If you want to see the animations, they're the little things across the top of this webpage, I think. In fact, go there and look at the other drawings from kids in these schools. It was seeing these images for the first time that really won me over to this approach. They don't look like the thin, scratchy, tentative affairs you get when you tell a kid to draw a cloud (and oh look, here is a 'proper' picture of a cloud for the kids to attempt to copy and feel inferior to) and then take the paper and pens away after five minutes because that's the time alloted to the activity in the lesson plan. When a child in one of these schools draws a cloud, you know they are really thinking about the cloudness of a cloud. They are really trying to get at some sort of deeper understanding, because they know their efforts to do so will be respected. You think I am talking nonsense, I know, but go and look at the drawings.

There is a mountain of specialist jargon built up around this pedagogy. It reminds me of looking back over my second year sociology essays, and not being able to understand a word of them. I submersed myself in that language, babbled ecstatically in it for a year, and then left it behind and forgot it all.

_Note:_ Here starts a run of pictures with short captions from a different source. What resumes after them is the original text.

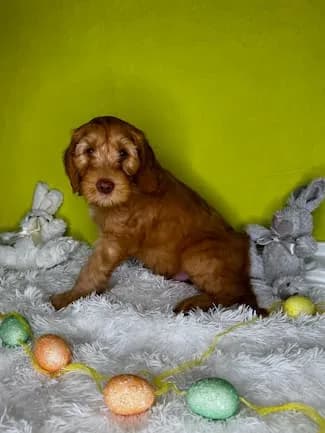 Sally & Murray litter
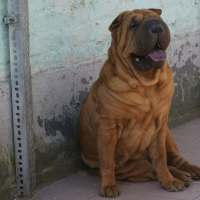 Photo de profil de Donna
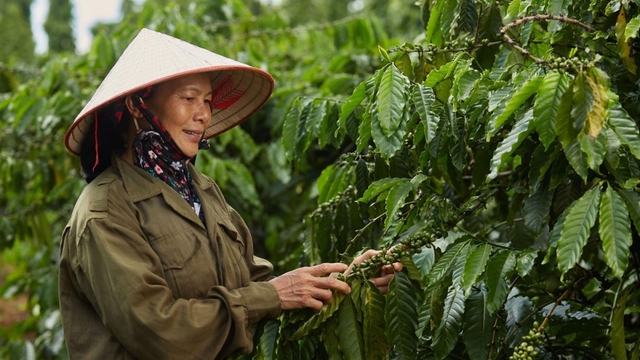 Nâng cao tính bền vững của cây cà phê và hồ tiêu ở Tây Nguyên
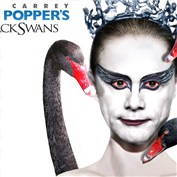 Mr. Popper`s Black Swans — hoosier64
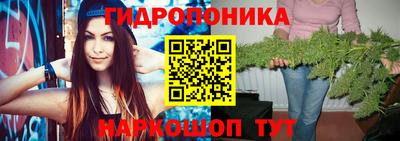 Альфа ПВП Гусев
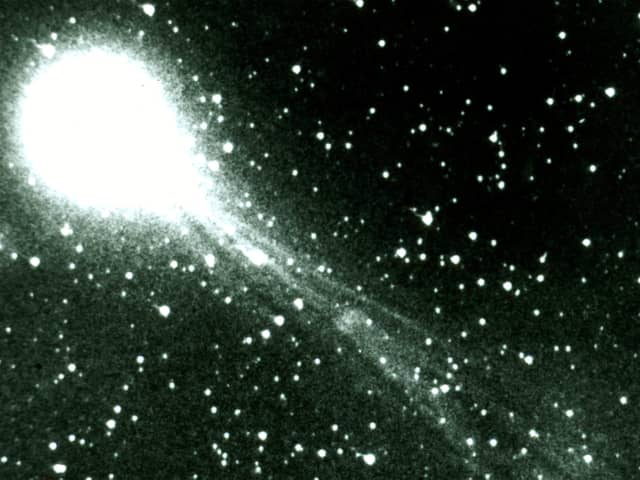 Halley's Comet in 1986 (Image: Liaison)
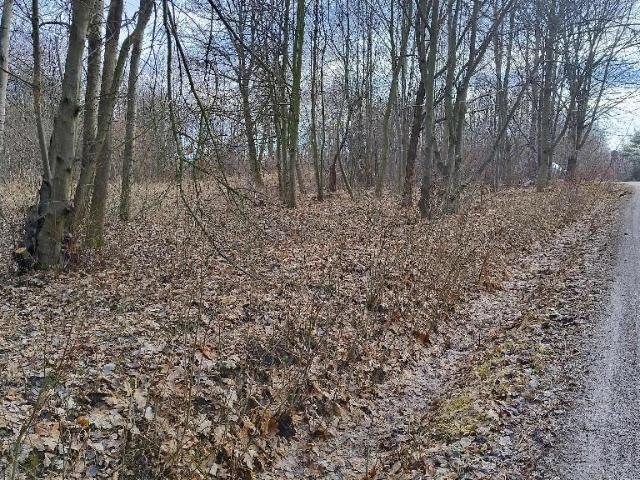 Grunt na sprzedaż w Żywiec, Śląskie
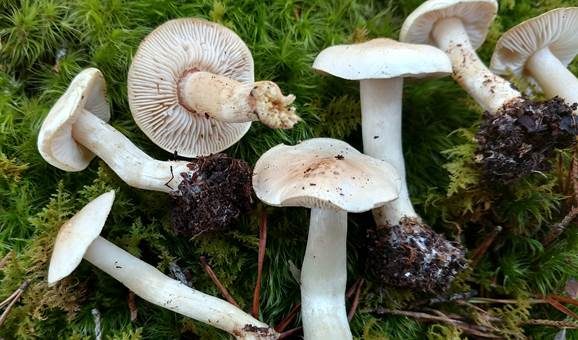 Lästiger Ritterling, Foto 3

Is this more of the same? Like any small group who feels that they guard a special knowledge of the world, we converts encounter the delphic oracle problem--are we visionaries, or are we merely wrapped up in a collective hallucination? But I go into the classroom with the kids, I observe their capacity for enquiry, the richness of their artistic expression, and most of all their dignity, and I can only say that whatever these school are doing, it works.